Publication information
- Publisher: DC Comics
- First appearance: JLA #69 (September 2002)
- Created by: Joe Kelly Doug Mahnke

In-story information
- Species: Atlantean
- Team affiliations: League of Ancients
- Abilities: Powerful magic wielder

= Gamemnae =

Gamemnae is a fictional character appearing in American comic books published by DC Comics. She was an enemy of the Justice League. Gamemnae first appeared in JLA #69 and was created by Joe Kelly and Doug Mahnke.

Gamemnae appeared in live-action in the fifth and sixth seasons of the Arrowverse television series Supergirl portrayed by Cara Buono.

==Fictional character biography==
Born over three thousand years ago, Gamemnae was an Atlantean, exiled at birth from Atlantis for having blonde hair - considered a curse in Atlantean culture. Surviving her exile, Gamemnae went on to learn powerful magic, which she later used to not only raise Atlantis from the seas, but turn the entire population into air-breathers as opposed to the water-breathing race they had been for centuries. Convinced that it was her destiny to lead the people of Atlantis in conquest of the world, Gamemnae established herself as ruler of her people, gradually learning further spells to increase her power.

However, Gamemnae learns that her efforts would be for nothing when Aquaman and the Atlanteans of the twenty-first century are banished to the past. Outraged to learn that Atlantis would return to being water-breathers in the future, Gamemnae seduces Aquaman, tricks him into drinking a potion that turns him into a water spirit, and traps him in a pool of water. After reading Aquaman's mind, Gamemnae learns of the Justice League of the future. Determined to defeat them, Gamemnae founds the League of Ancients.

Gamemnae gives false visions of the future to Rama Khan, causing him to believe that he had foreseen a future where Earth is threatened by a seven-headed hydra destroyer — the remaining members of the Justice League — and that a team would have to be assembled to defeat the threat posed by this destroyer.

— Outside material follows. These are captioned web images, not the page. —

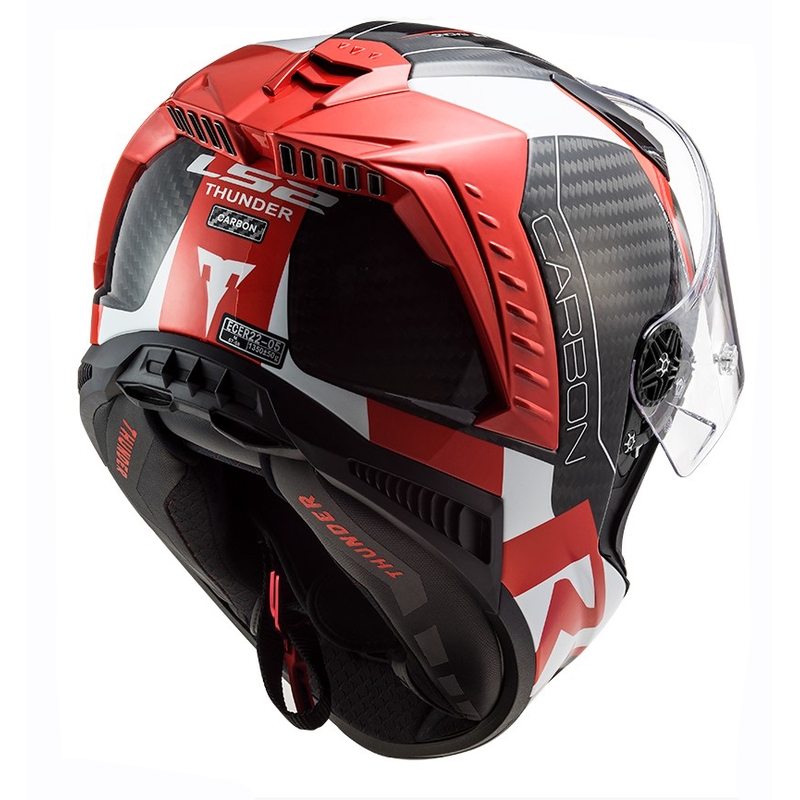 LS2 FF805 Thunder C Racing1 melnā-baltā-sarkanā integrālā motocikla ķivere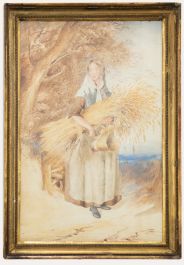 Fine 19th Century Watercolour - Gathering Wheat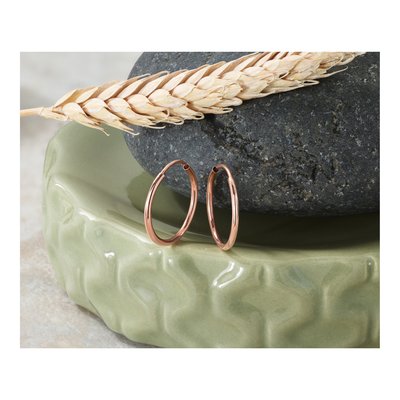 14K Rose Gold 18mm Endless Tube Hoop Earrings – view 6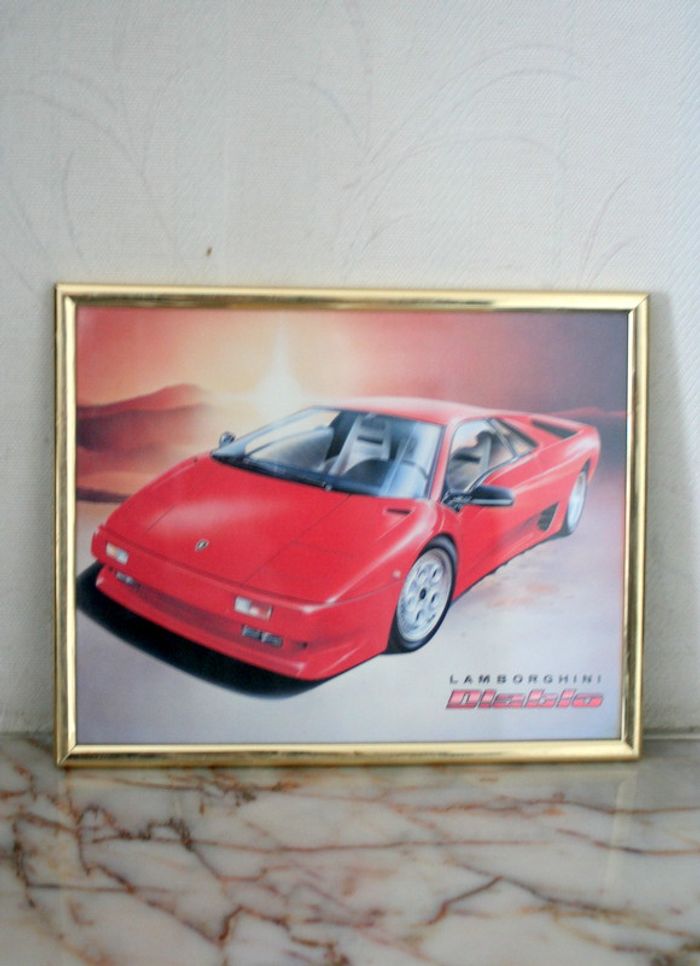 Cadre doré Lamborghini Diablo 26x21cm - photo numéro 1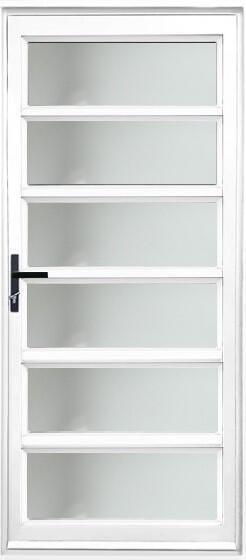 Aluminium door white 6 horizontal panel reflective glass right hand opening W900 x H2100MM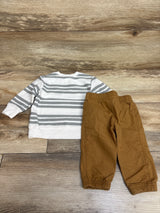Carter's 2pc Striped Knit Sweater & Pants Set White sz 6m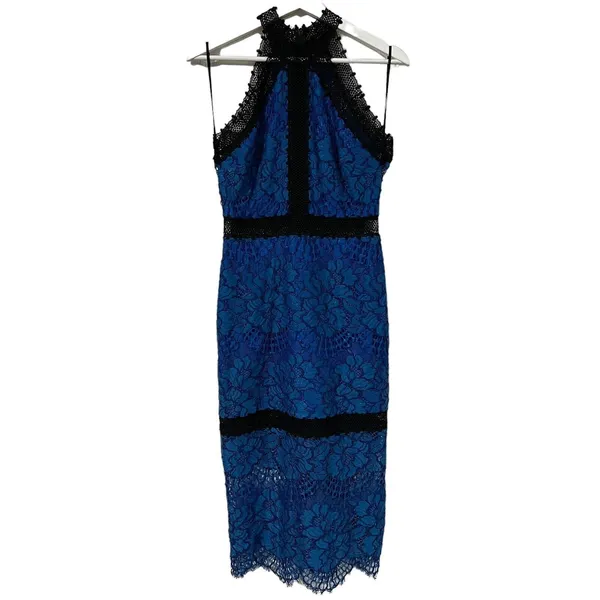 Alexis Size S Julianna Dress‎ Blue Black Lace Halter Midi Bodycon High Neck Gown - Image 2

The Justice League arrive in the past to rescue Aquaman and the Atlanteans, but are killed in battle with Rama Khan and Gamemnae. Manitou Raven uses the souls of the deceased Justice League members to trap Gamemnae in Atlantis.

Awakened in the present, Gamemnae drains the water from the entire world to force humanity to submit to her, only to be opposed by a "reserve League" created by Batman in the event the original League was killed or defeated. Unable to defeat Gamemnae in the present, Nightwing, Hawkgirl, Zatanna, and Firestorm travel back in time to disrupt Gamemnae's connection to Atlantis in the past. They free Aquaman, who sinks Atlantis.

In the present, the remaining Leaguers confront Gamemnae with the aid of the resurrected corpses of the League she had already killed. Unable to absorb the dead, Gamemnae is forced to resurrect the League. As Gamemnae vows to banish the water and send Earth into the sun, the League keeps Earth's orbit stable as the water drained by Gamemnae returns. As the past Atlantis collapses, the Atlanteans return to the present with Manitou Raven. The destruction of Atlantis in the past ends Gamemnae's attempt to conquer Earth, leaving her for dead.

==Powers and abilities==
Gamemnae is an expert magic wielder. Her demonstrated spells were capable of physically manipulating large numbers of people, ranging from turning the entire population of Atlantis into air-breathers to converting Aquaman into a water wraith. She was also shown to be capable of using a quagmire spell to absorb the bodies of others into herself; few people would risk using such a spell on more than two or three people, yet Gamemnae was able to absorb half a dozen people and remain relatively stable. She was even shown to be capable of reviving the dead; when the dead Justice League were reanimated to fight her, Gamemnae was able to bring them back to life (with the goal of killing them properly).

==In other media==
- Gamemnae appears in Supergirl, portrayed by Cara Buono. This version is a member of Leviathan who originates from the planet Jarhanpur.
- Gamemnae appears as a character summon in Scribblenauts Unmasked: A DC Comics Adventure.